The following list of factors guides the Court's assessment of whether a release was knowing and voluntary:

(1) the plaintiff's education and business experience, (2) the amount of time the plaintiff had possession of or access to the agreement before signing it, (3) the role of plaintiff in deciding the terms of the agreement, (4) the clarity of the agreement, (5) whether the plaintiff was represented by or consulted with an attorney, and (6) whether the consideration given in exchange for the waiver exceeds employee benefits to which the employee was already entitled by contract or law.
Bormann, 875 F.2d at 402-03 (citations omitted). In addition, courts have considered a seventh factor-whether the employer encouraged or discouraged an employee to consult an attorney and whether the employee had a fair opportunity to do so. Id. at 403. “These factors are neither exhaustive nor must all of the factors be satisfied before a release is enforceable.” Laramee v. Jewish Guildfor the Blind, 72 F.Supp.2d 357, 360 (S.D.N.Y. 1999).

Of these factors, the relative clarity of the agreement may be the most important, because the Court will enforce a release of claims at the motion-to-dismiss stage only when its terms are clear and unambiguous. See generally 2 Broadway L.L.C. v. Credit Suisse First Boston Mortg. Capital L.L.C., No. 00 Civ. 5773 (GEL), 2001 WL 410074, at *6 (S.D.N.Y. Apr. 23, 2001).

Here, the agreement is clear and unambiguous: paragraph seven plainly states that, upon signing the agreement, Pucilowski releases Spotify “from any and all claims . . . including, without limitation, those arising out of or in any way connected with [her] employment or . . . termination . . . .” Doc. 11-1 ¶ 7. “Courts have consistently found such language to unambiguously bar plaintiffs from later bringing any claims, including of discrimination, against former employers.” Smith v. JPMorgan Chase, No. 15 Civ. 808 (PAE), 2016 WL 5339548, at *6 (S.D.N.Y. Sept. 23, 2016) (collecting cases); Kramer v. Vendome Grp. LLC, No. 11 Civ. 5245 (RJS), 2012 WL 4841310, at *4 (S.D.N.Y. Oct. 4, 2012); Westbrooke, 2018 WL 4189514, at *4. Where a release “is written in plain English, ” a plaintiff cannot “avoid its consequences by claiming that she did not understand its terms.” Laramee, 72 F.Supp.2d at 361.

In her opposition, Pucilowski argues the agreement is unclear because it is “seven pages, written largely in legalese, and . . . is the antithesis of concise.” Doc. 13 at 5. But, as Spotify points out, there is no support for Pucilowski's proposition that page length or concision informs clarity. That the agreement is long does not make it unclear. In any event, Pucilowski concedes in her opposition that “the [r]elease states that Plaintiff is waiving all claims against Spotify . . . .” Id. Her arguments that the paragraph setting out the release is ambiguous because it involves “verbose language and “runs for a full-page-and-a-half” are unavailing. Id. Pucilowski cannot ignore that the agreement explicitly releases Spotify “from any and all claims” relating to her employment and termination. The terms of the agreement are sufficiently clear and, as a result, this factor weighs in favor of a finding that Pucilowski's waiver was knowing and willful.

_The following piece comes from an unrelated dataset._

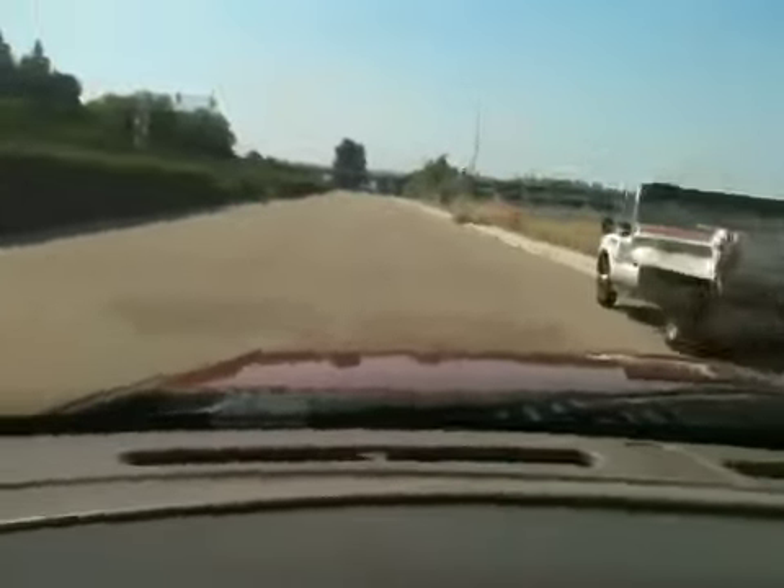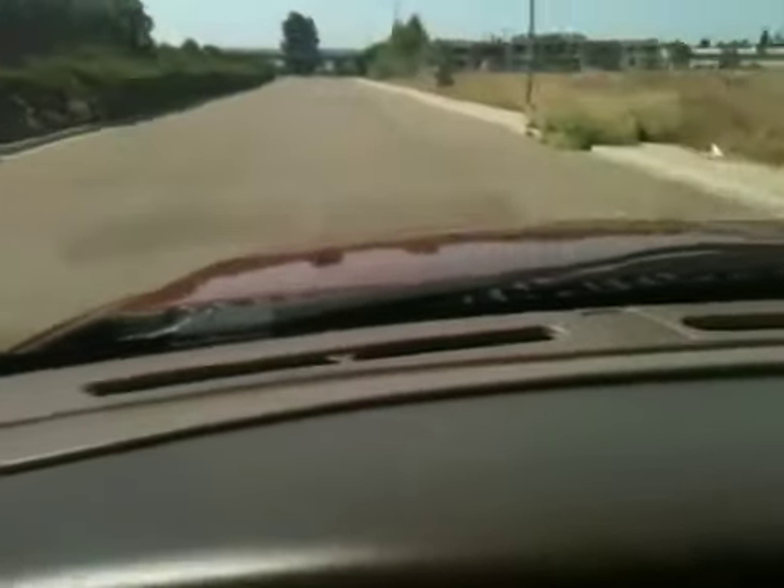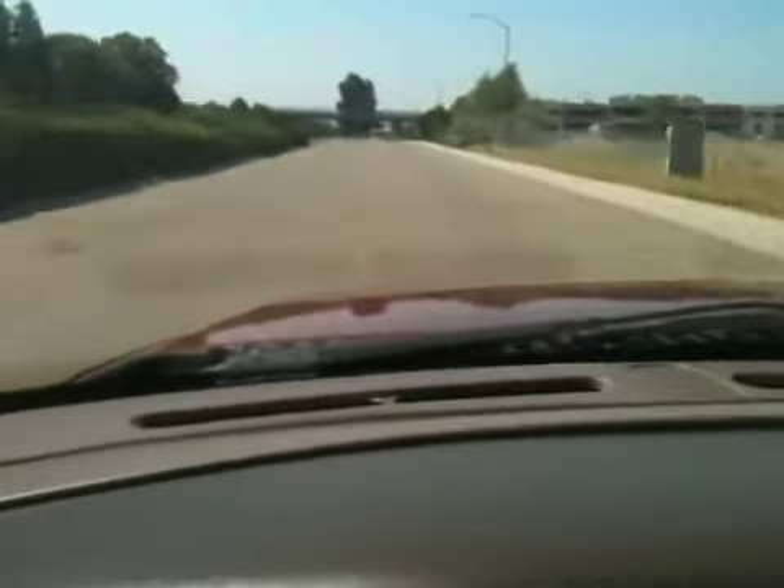Let's go for a quick spin. Front end's really tight — it just recently had a front end service done on it, including brakes. It shifts strong, tracks straight, brakes straight. Really smooth running vehicle all around.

At least four of the other Bormann factors also favor enforcing the release here. First, as to education and business experience, Pucilowski worked as a User Researcher for Spotify for a year and a half and alleges she was a “diligent and hardworking employee who consistently received high praise from coworkers and supervisors alike.” Doc. 1 ¶¶ 7, 8. While there are no facts in the record indicating Pucilowski's education level, there is also nothing in the record that suggests she was unable to understand or assess the agreement.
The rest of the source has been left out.